Check out your score to see if you’re financially fit
BUYING a house for the first time can be challenging, particularly for those without the help of the Bank of Mum and Dad.
James Jones, head of consumer affairs at Experian, advises that before you even think about purchasing a property, you need to ensure you are financially healthy.
He said: “An important step to being financially fit is understanding your credit history.
“Any unexpected surprises can have an impact on your mortgage application.
“So, before you take the first step towards getting your mortgage, make sure you have your finances in order.
“Checking your credit score is essential to see how lenders may view you.
“Experian offers this service for free no matter how many time you use it.
“Also go beyond your credit score and check your credit report to make sure everything is up to date.

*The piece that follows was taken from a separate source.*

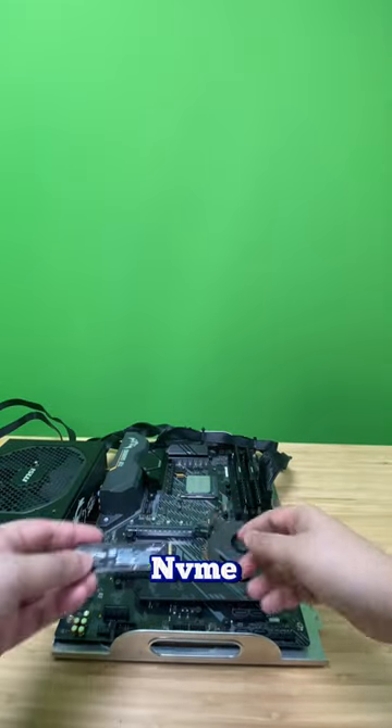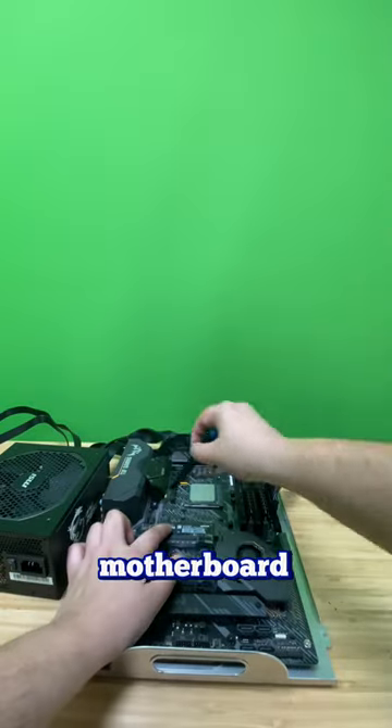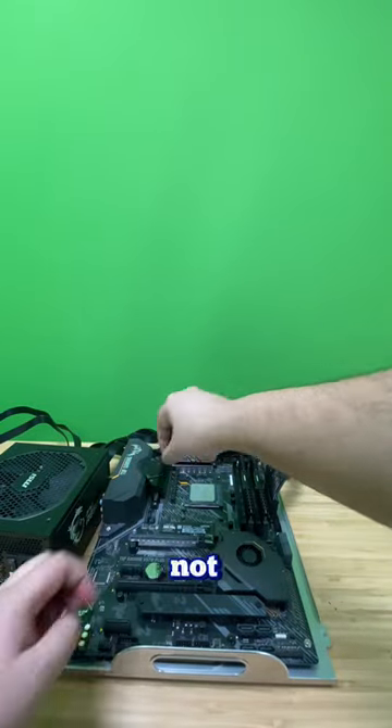For storage, we're going with the NVMe. If you have a Gen 4 NVMe, you'd want to put it with a Gen 4 slot. You want to use this tiny screw that comes with your motherboard — this is used to secure the NVMe. Make sure you screw all the way down but not too tight.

“Tell the credit reference agency you are using if you disagree with any information on your report.
“Try to avoid making other credit applications in the six months prior to making a mortgage application, as it could look like you are struggling financially and can have a negative impact on your credit score,” added James.
“Lenders can take into account your available credit limits, and are likely to view low ‘utilisation’ as an indication of low risk.
So try to keep the balances on your card account as low as possible.
“It is of course vitally important to meet any agreed current repayments you have and paying a little more than your agreed minimum card repayments will not only reduce your balance more quickly but will also be a positive factor for your credit rating.”